▶ _Task to complete_:
Reproduce verbatim the line containing "Skoda Karoq Se Technology Black #32" and every line that follows it through the end of the entries below, omitting all pictures.

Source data

•••••

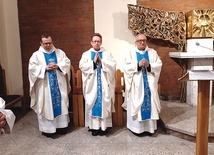 Eucharystia podczas styczniowej modlitwy z patronem Kościoła. Od lewej: ks. Przemysław Wójcik, ks. Jacek Kucharski,  ks. kan. Jerzy Szpytma.
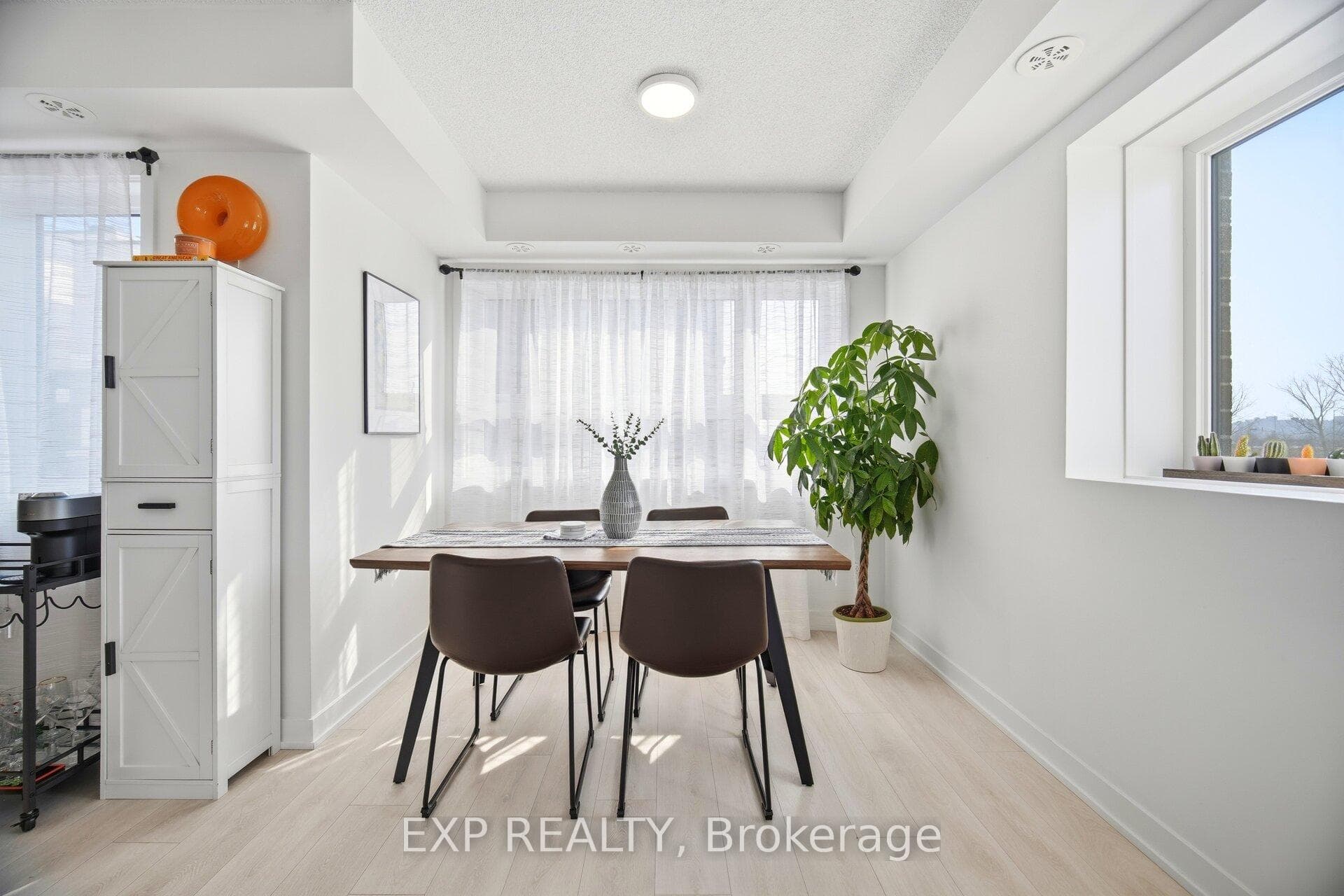 1135 Cooke Boulevard Unit 103 photo 6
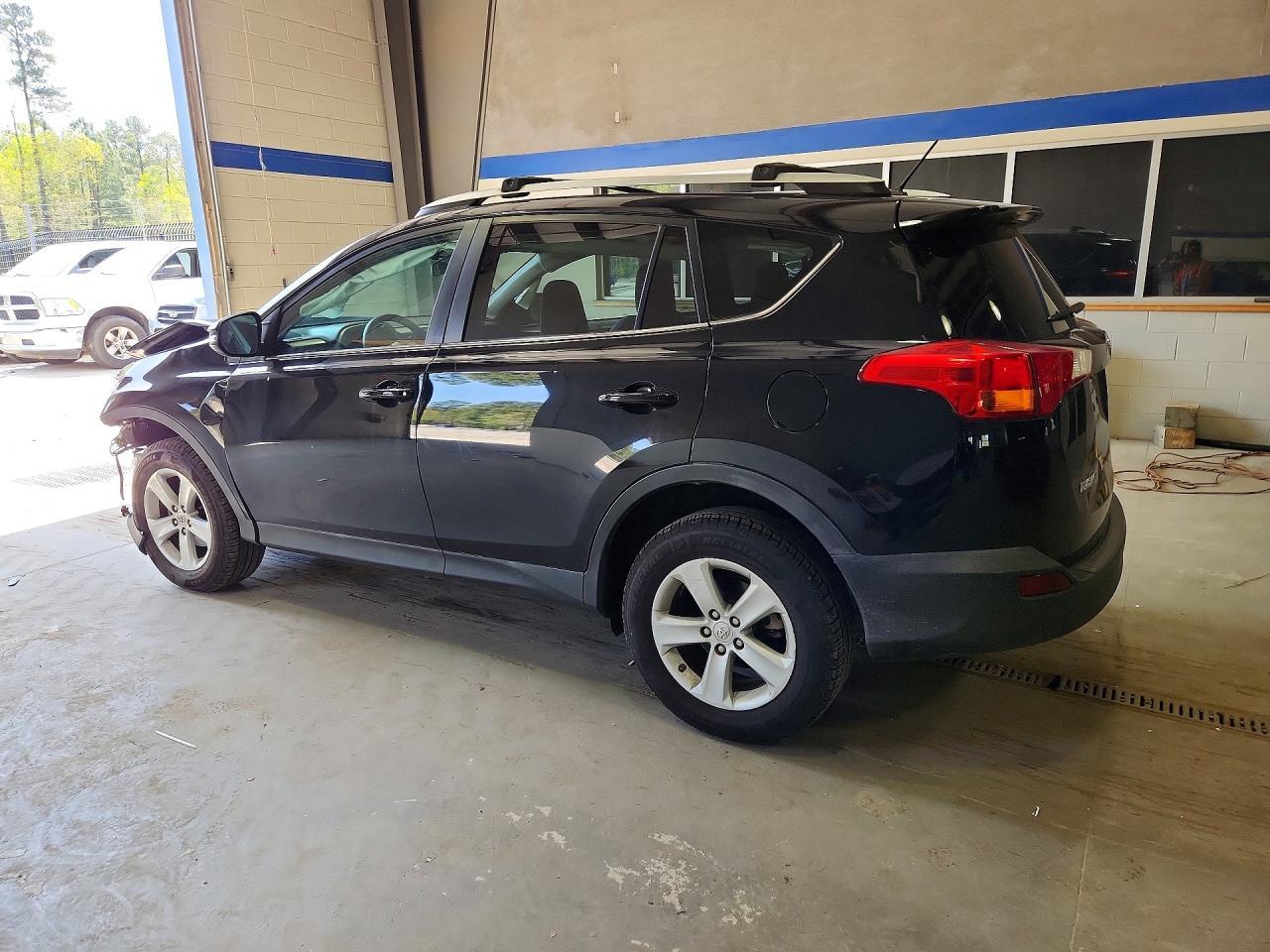 2013 Toyota Rav4 Xle - zdjęcie 2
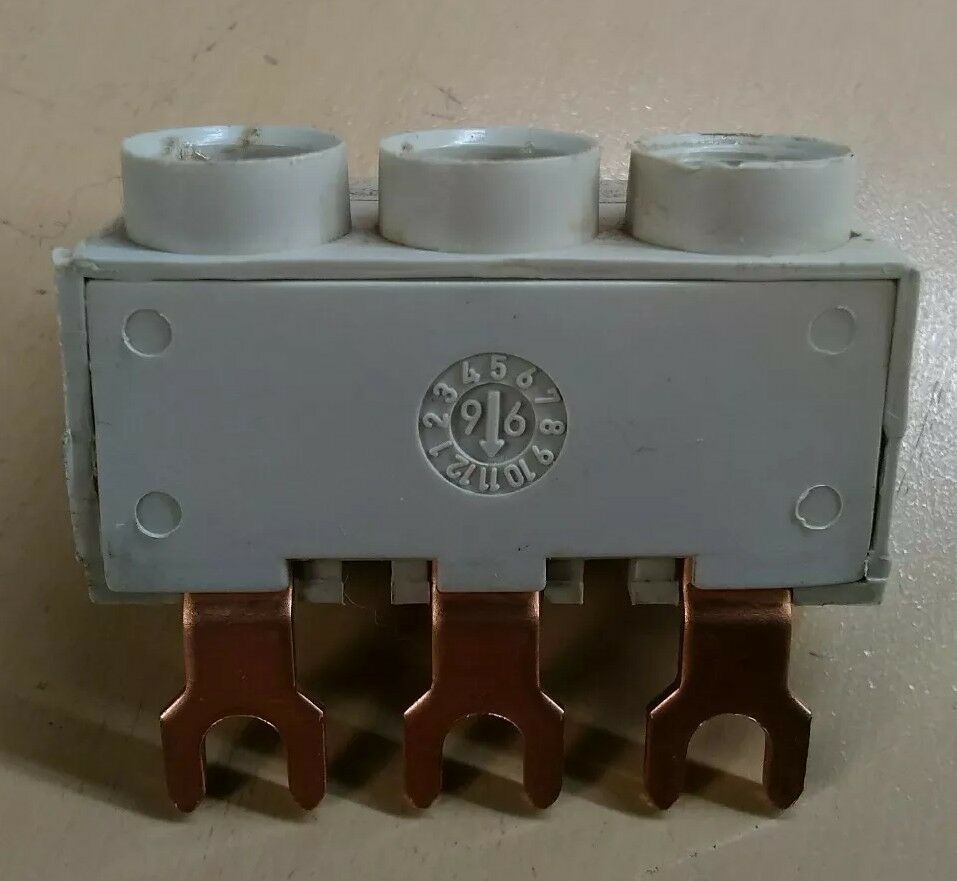 Siemens 3VU9135-1BB01 Line Side Feeder 3D-7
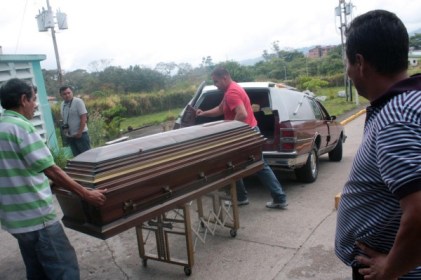 Asesinan a indigente de una pedrada en la cabeza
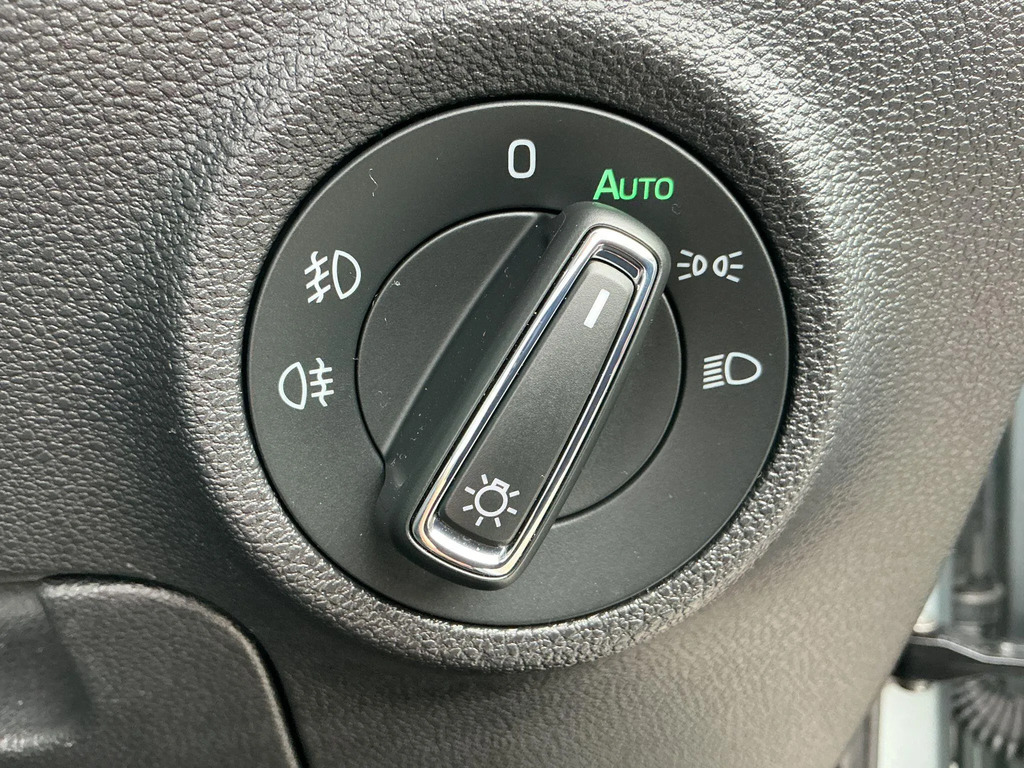 Skoda Karoq Se Technology Black #32
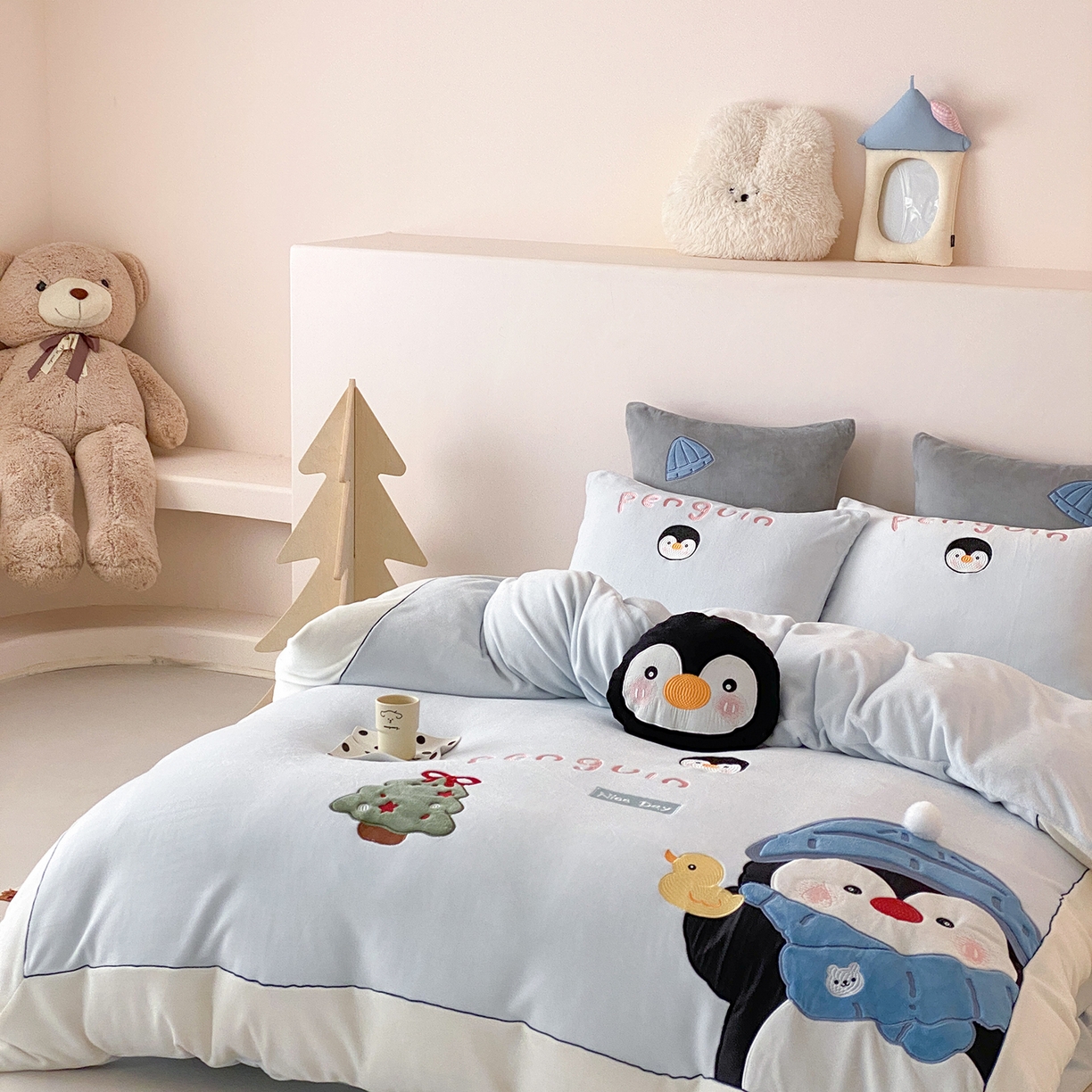 91家纺网 家纺一手货源 找家纺 （总）星野 2025新款高克重牛奶绒贴布绣四件套-冰川企鹅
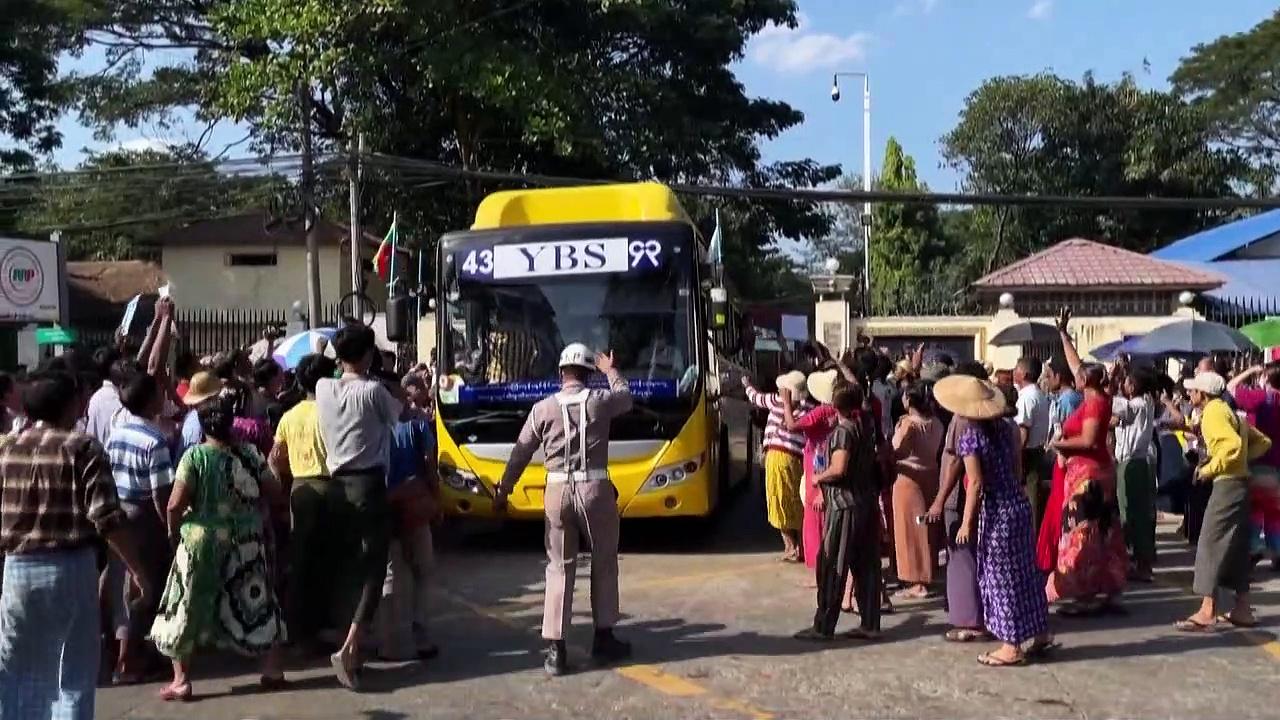 Watch: Buses carrying freed prisoners leave Yangon jail on Myanmar's independence day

•••••

▶ _Result below_:
 Skoda Karoq Se Technology Black #32
 91家纺网 家纺一手货源 找家纺 （总）星野 2025新款高克重牛奶绒贴布绣四件套-冰川企鹅
 Watch: Buses carrying freed prisoners leave Yangon jail on Myanmar's independence day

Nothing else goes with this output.